KİK, Yemen'de Husilerin ilan ettiği "Anayasa Manifestosu"nu darbe olarak nitelendirirken, BM de siyasi tarafların yeniden bir araya gelip ''katılımcı yeni bir çözüm'' arayışı içine girmeleri gerektiğini belirtiyor.

BM Yemen Özel Temsilcisi Cemal bin Ömer, basın mensuplarına yaptığı açıklamada, ülkedeki krize çözüm arayışları çerçevesinde, bugün siyasi güçlerin bir araya geleceğini bildirmişti.

Husilerin Yemen siyasetine müdahalesine Türkiye'den de bir tepki geldi. Dışişleri Bakanlığı, Yemen'de Ensarullah Hareketi'nin (Husiler) tek taraflı olarak oluşturulan "devrim komitesi" vasıtasıyla yönetime el koymasının derin kaygı uyandırdığını açıkladı.

Bakanlıktan yapılan yazılı açıklamada Yemen'deki hükümet krizinin aşılması için BM Genel Sekreterinin özel danışmanı aracılığıyla sürdürülen müzakereler devam ederken, Husilerin tek taraflı olarak oluşturulan "devrim komitesi" vasıtasıyla yönetime el koymasının derin kaygı uyandırdığı belirtilmişti.

Abdülmelik el-Husi: ''Ahmakça bir yaklaşım göstermeyin''

Husilerin ilerleyişine içerden ve dışardan gelen tepkilere rağmen hareket silah zoru ile' ilerleme tavrından vazgeçmiyor. Hareketin kuzeydeki Sa'da ilinde yaşayan lideri Abdülmelik el-Husi yaptığı son ''ulusa sesleniş'' konuşmasında iç ve dış baskılara karşılık ''tehditvari'' sözler sarf etti.

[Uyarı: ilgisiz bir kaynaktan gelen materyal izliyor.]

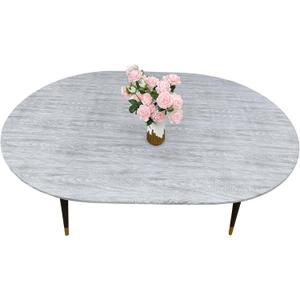 LIBERECOO Oval Fitted Vinyl Tablecloth - Fits 48 x 68 Inch Oval Table - Weather Grey Wood - Waterproof, Elastic Edged for Secure Fit, Easy to Clean Plastic Table Cover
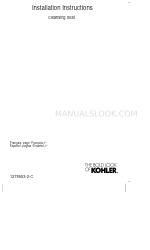 Kohler 1278653-2-C Manual de instruções de instalação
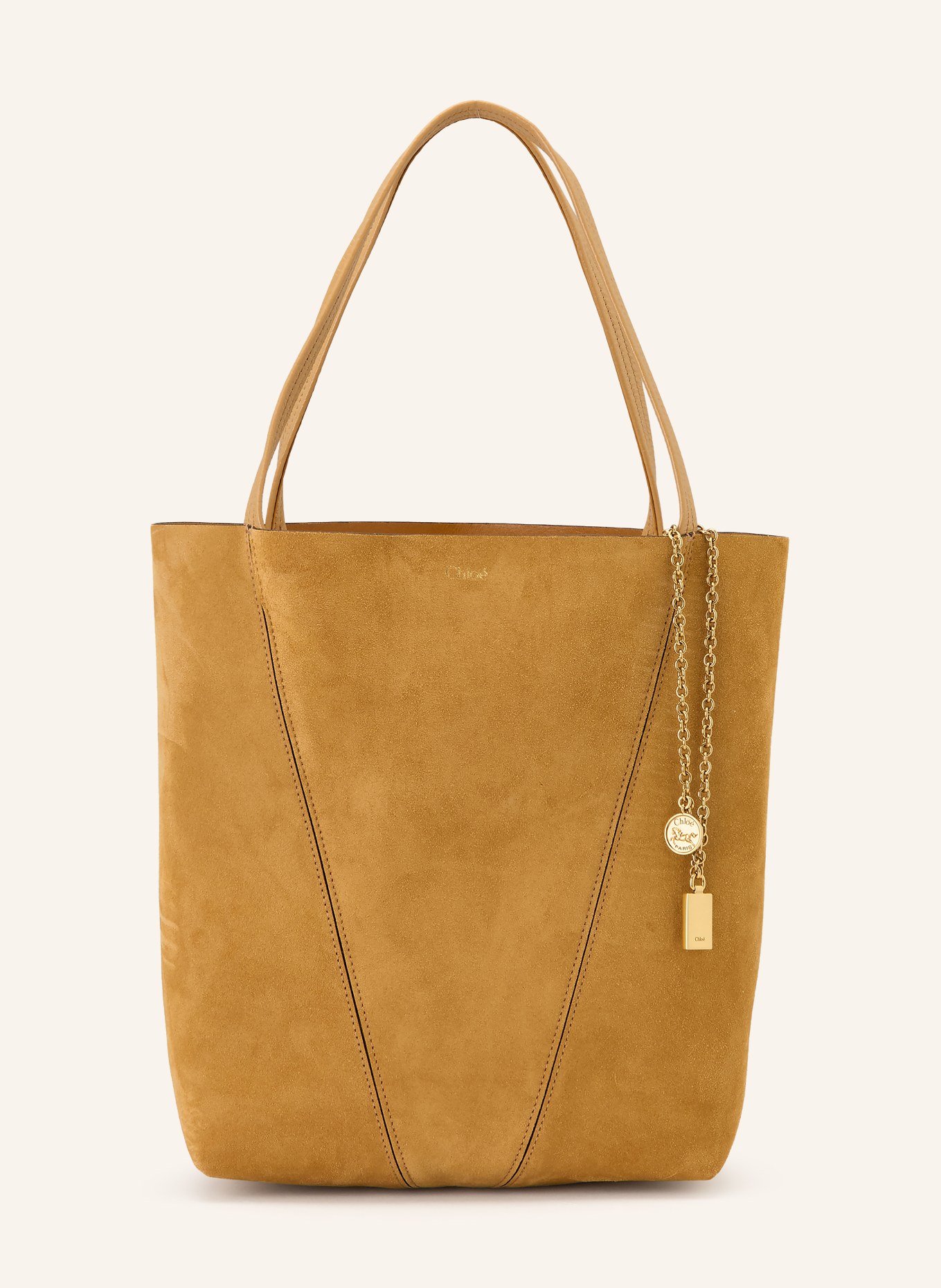 Chloé Shopper SPIN: Bleached Brown
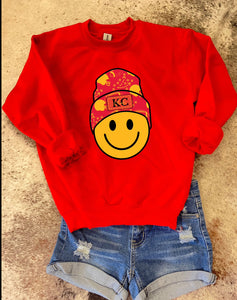 KIDS CHIEFS Sweatshirt Smiley Face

Husi, siyasi gruplara hareketin ilan ettiği manifestoya karşı "ahmakça bir tutum sergilememeleri" uyarısında bulundu. "Siyasi güçlerin (bildiriye yönelik) fitne çıkarmak için ahmakça bir adım atması durumunda halk karşılığını verecektir" diyen Husi, Batılı ülkelere de "Yemen artık dış güçlerin etkisinden çıkan bir ülke olma yolunda ilerleyecektir" mesajını verdi.

Husi karşıtı protestolar hakkında ise hareketin silahlı üyelerinin sert müdahalesi ve alı koyma eylemleri ülkenin Sana, İbb ve Hudeyde gibi kentlerinde devam edeceğe benziyor. Son Husi karşıtı eylemlerde protestoculara ateş açılması ve göstericilerin kaçırılması gibi olaylarda 3 kişi yaralanmış, 12 kişi alıkonulmuştu.

Husiler, hükümet ve Cumhurbaşkanı Abdurabbu Mansur Hadi'nin istifasının ardından 6 Şubat Cuma günü, ülkedeki siyasi geçiş sürecini belirleyecek bir manifesto açıklamıştı. Mevcut anayasanın yürürlükte kalacağı belirtilen manifestoda, 5 üyeli "Başkanlık Konseyi" ve 551 sandalyeli "Ulusal Geçiş Meclisi"nin kurulmasını öngörülüyor.